Mayor McCarty said downtown Sacramento homeless population down 70%. Is he right?
Sacramento Mayor Kevin McCarty said Tuesday at the annual State of Downtown breakfast event that downtown homelessness had dropped 70% since 2023.
“Homelessness in the central city is down significantly as well. Of course, it’s not over. We can see it every day, a reminder that our work is not done. The downtown point of time count has dropped dramatically since 2023 by 70%,” McCarty said during the annual event Tuesday at the SAFE Credit Union Convention Center. “Again, not solved, but headed in the right direction.”
Homelessness advocates and service providers said they were surprised by the figure, noting that the official Point-in-Time results have not yet been released. So where did the 70% figure come from?
It came from the Downtown Sacramento Partnership, the nonprofit 66-block improvement district that represents downtown businesses and that hosts the annual breakfast event. It is unclear whether the drop reflects fewer people experiencing homelessness downtown or a shift to nearby neighborhoods outside the partnership’s boundaries.
“Our unofficial count at the end of 2022 was 175, and our unofficial count at the end of 2025 was 72,” said Madelyn Bussola, a partnership spokesperson. “Our public space team walks the district roughly once a quarter and observes the number of tents in (the) district and those sleeping on the street before 6 a.m.

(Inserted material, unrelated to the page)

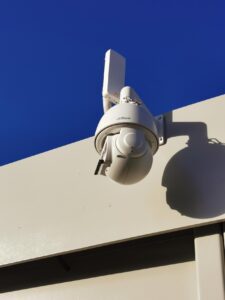 CCTV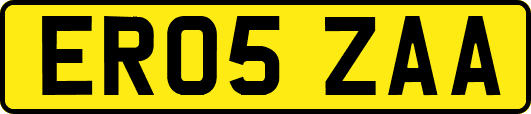 ER05ZAA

“It is not scientific, which is why we refer to it as unofficial.”
That represents a 58.9% drop.
McCarty said 70% because the partnership on Feb. 12 gave the Mayor’s Office different numbers, 206 and 56, according to a spokesperson for McCarty’s office — a 72.8% difference.

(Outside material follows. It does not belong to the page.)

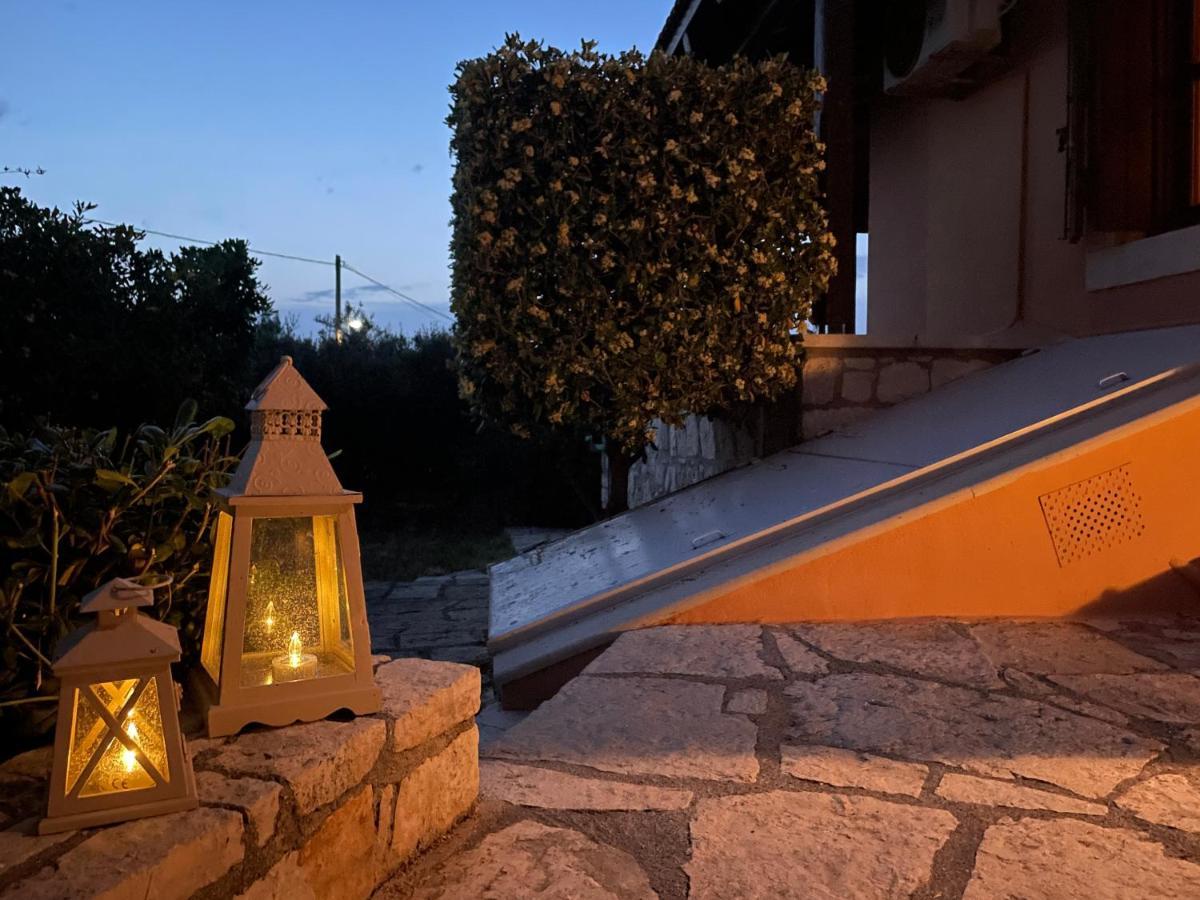 Fyllosia Villa *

During the official, federally mandated Point-in-Time count every other winter, volunteers fan out across the county to count people experiencing homelessness. The collected data is then analyzed by an outside statistician before the report is issued. The latest count was held over two nights in January, and the results are scheduled to be released in late spring or early summer, said Kim Winters, a spokesperson for Sacramento Steps Forward, which leads the effort.
The most recent PIT count report, released in 2024, found that there were roughly 3,053 unsheltered homeless people living in the city. The report did not break down how many were living downtown or within the partnership.
Nonprofit questions drop
Despite the drop McCarty mentioned, Angela Hassell, executive director of Loaves & Fishes, said the number of people it has served with meals and services from 2023 to the present has remained essentially flat. The nonprofit, located just north of downtown in the River District, serves between 9,000 and 10,000 unduplicated people a year.
Hassell said Loaves & Fishes has seen a 1% decrease since 2023 in the number of people served, a figure that does not include shelter beds.
“A 70% decrease in downtown homelessness feels like a wildly inaccurate number based on our experiences in serving folks in downtown that are homeless,” Hassell said.
McCarty through a spokesperson declined to comment on Hassell’s remarks.
The vast majority of the people who go to Loaves & Fishes for meals sleep within a two-mile radius of its campus — which includes the American River Parkway — and travel there on foot or by bicycle, she said.
Hassell said a drop in visible downtown homelessness could be in part due to the U.S. Supreme Court decision in Grants Pass v. Johnson, in which the court ruled that cities can enforce bans on camping in public spaces even when no shelter beds are available, finding that such enforcement does not violate the Eighth Amendment’s prohibition on cruel and unusual punishment.
Since that ruling in 2024, Sacramento can legally ban people from camping on public property even if no shelter bed is available to them.
In July, the City Council voted 6-3 to ban homeless people from sleeping outside City Hall. McCarty voted in favor.
McCarty during the speech also said the city would be opening new shelter beds at the Roseville Road shelter, as well as new tiny home shelters for seniors.
“We’ve opened 500 new beds in the last 15 months,” McCarty said. “But we’re not done. We’ve embraced a solid six-point plan to create 600 more beds moving forward. We’re pairing accountability with cost-effectiveness, and it’s making a difference here in Sacramento.”
The county has also been adding shelters, with a $64 million, 275-bed Watt Avenue shelter set to open this summer.
In total, there are now 2,800 city- and county-funded shelter beds in Sacramento, more than ever before. But there is still a wait list of over 3,000 people, including 600 families, for a shelter bed on any given night, Emily Halcon, the county’s director of homeless services and housing, has said.
A Sacramento Steps Forward database found there are at least 9,000 homeless people living in the county, as of December. That number counts people who have engaged with service providers in the last 30 days.
The Bee’s Ishani Desai contributed to this story.